During my Christian pilgrimage, I have often sought to forge a viable middle ground between unacceptable extremes; seeking both/and positions rather than embracing either/or thinking. (For an example that seeks such "balance" relative to a number of public policy issues, see my Evangelicals on Public Policy Issues: Sustaining a Respectful Political Conversation, 2014.) In contemporary culture, two unacceptable extremes are flourishing because many have created a false choice between the quest for "truth" in public discourse and the ideal of "civil" engagement among those who disagree about that truth.
On the one hand, many of those who are convinced that they have complete understanding as to the truth relative to a given contentious issue too easily gravitate toward expression of incivility, such as calling motives into question, demonizing, and even hating those who disagree with them. What is admirable is their unswerving desire to embrace the truth. What is deplorable is their disdain and animosity toward those whose understanding of the truth differs from theirs. I do not need to recite examples. They are rampant on the evening news.

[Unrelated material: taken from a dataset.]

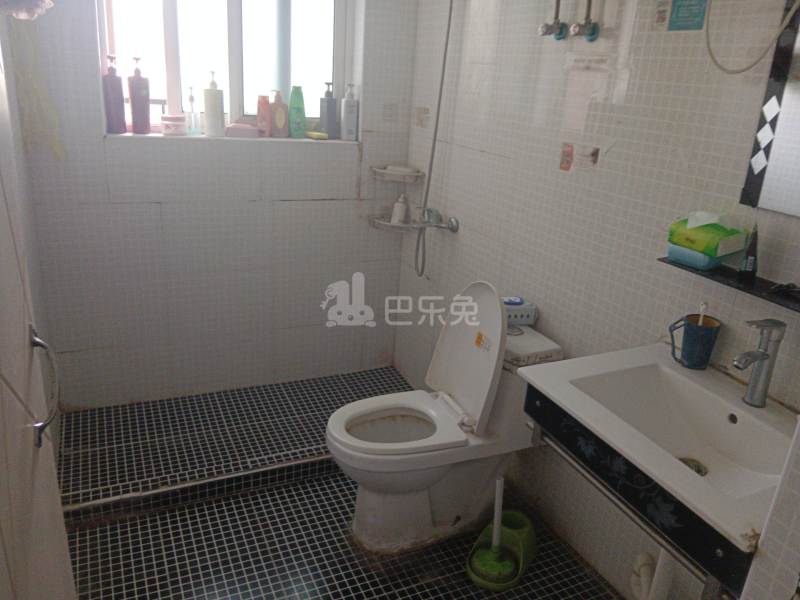 白银时代尚苑三期7004082卫生间图7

The unacceptable extreme at the other end of the spectrum doesn't get as much press and can be even more insidious because it masquerades as "keeping the peace." It is characterized by such a tepid view of the meaning of civility as to completely negate the quest for truth.

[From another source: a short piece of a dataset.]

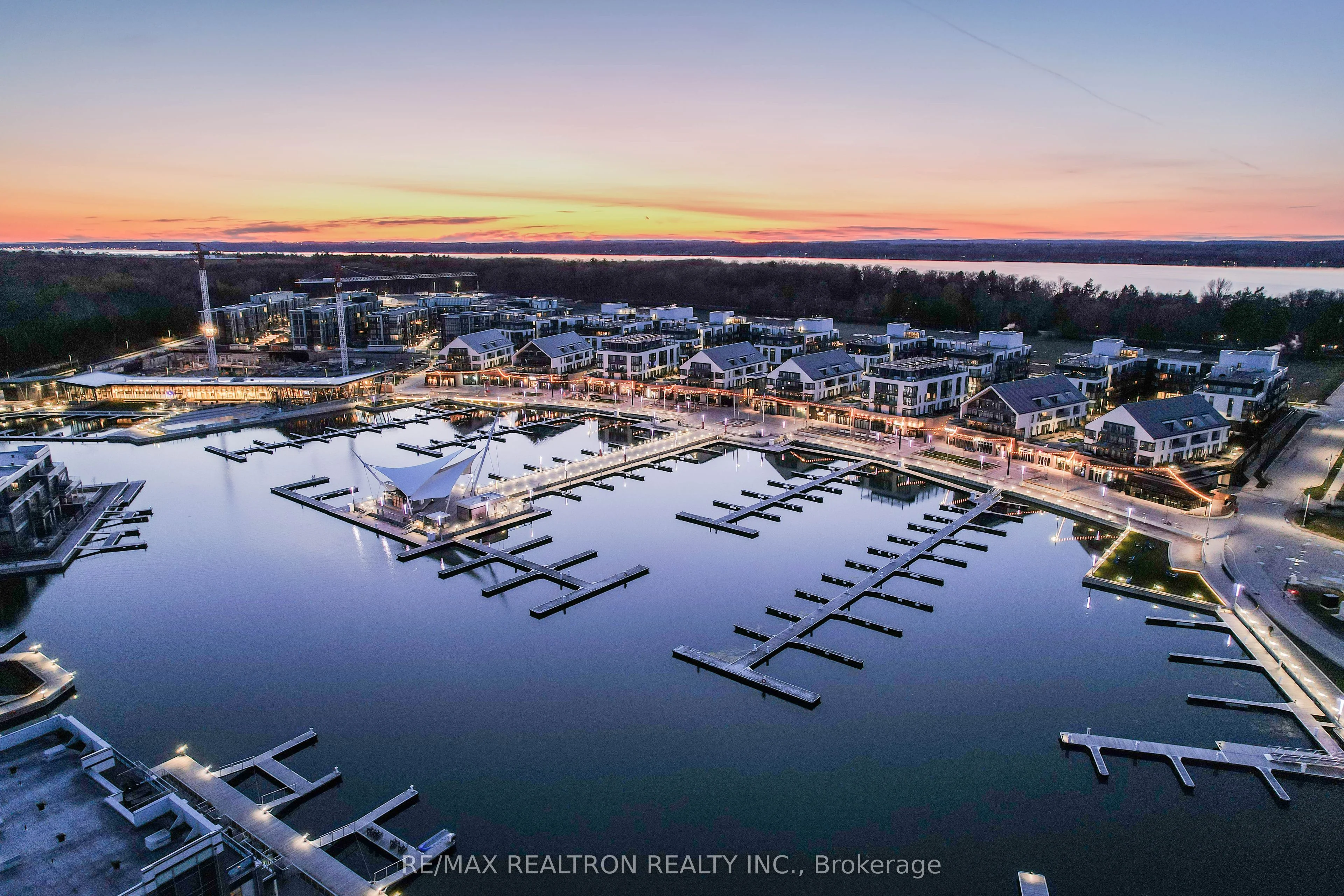 Condo Apartment in Innisfil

At this extreme, which is characterized by a thin negative view of peace as the "absence of conflict," expressions of disagreement and dissent are all too often not talked about within organizations or other groups, except during coffee breaks when various cliques gather, for fear that any community-wide conversation about contentious issues could "disturb the peace." One casualty is the truth that we could better approximate if we had a community-wide safe space to respectfully engage one another about our disagreements. Another casualty is a genuine sense of community (more about that later).
A middle ground that embraces both the quest for truth and civility is easy to state, albeit hard to implement in our current climate of polarization. What is desperately needed is a "welcoming space" for public discourse that is conducive to listening to all perspectives as to the truth about the issues at hand, after which those who have expressed their views engage one another about their agreements and disagreements in gracious and respectful conversation toward the goal of learning from one another and collectively gaining a better approximation to that truth.

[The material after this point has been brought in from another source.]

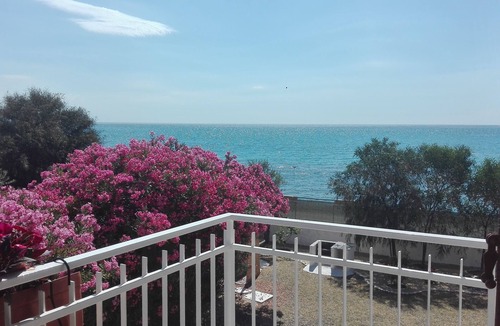 Marina di Amendolara House | immersed in an unexplored landscape and unspoiled nature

As utopian as that dream sounds there are resources within the Christian faith that speak to the importance of that vision, especially in the teachings of Jesus and the Apostle Peter.
As recorded in John 18:37, Jesus said "… for this I came into the world, to testify to the truth." As a follower of Jesus, I take this teaching as a mandate for me to seek after the truth, recognizing that as a finite, fallible human being I have only a partial glimpse of that truth that only God fully understands. I therefore need to listen empathetically to the partial glimpses of those who disagree with me.
As recorded in 1 Peter 3:15, the Apostle Peter gave the following exhortation:
But in your hearts revere Christ as Lord. Always be prepared to give an answer to everyone who asks you to give the reason for the hope that you have. But do this with gentleness and respect. (NIV)
This exhortation weds truth and civility. The first portion of calls me to courageously speak the truth, as I understand it. The oft-neglected second portion calls me to engage with others who disagree with me with gentleness and respect.
A marvelous by-product of this vision is that in settings where it is implemented it will foster a true sense of community, something that is sadly lacking in our culture. Getting back to the unacceptable extreme where a tepid view of the meaning of "civility" relegates dissenters to the corners of snack shops, there is little sense of community within that setting; sticking with your clique of like-minded individuals is the comfortable norm. As suggested by Parker Palmer, you only have true community (which Palmer suggests Jesus models) when those in leadership "make space for other people to act," thereby opening up the possibility of experiencing an "abundance that people … can generate together." This is a clear call for those in positions of leadership and influence within Christian communities to model and create safe spaces for both the quest for truth and the ideal of civil engagement among those who disagree about that truth.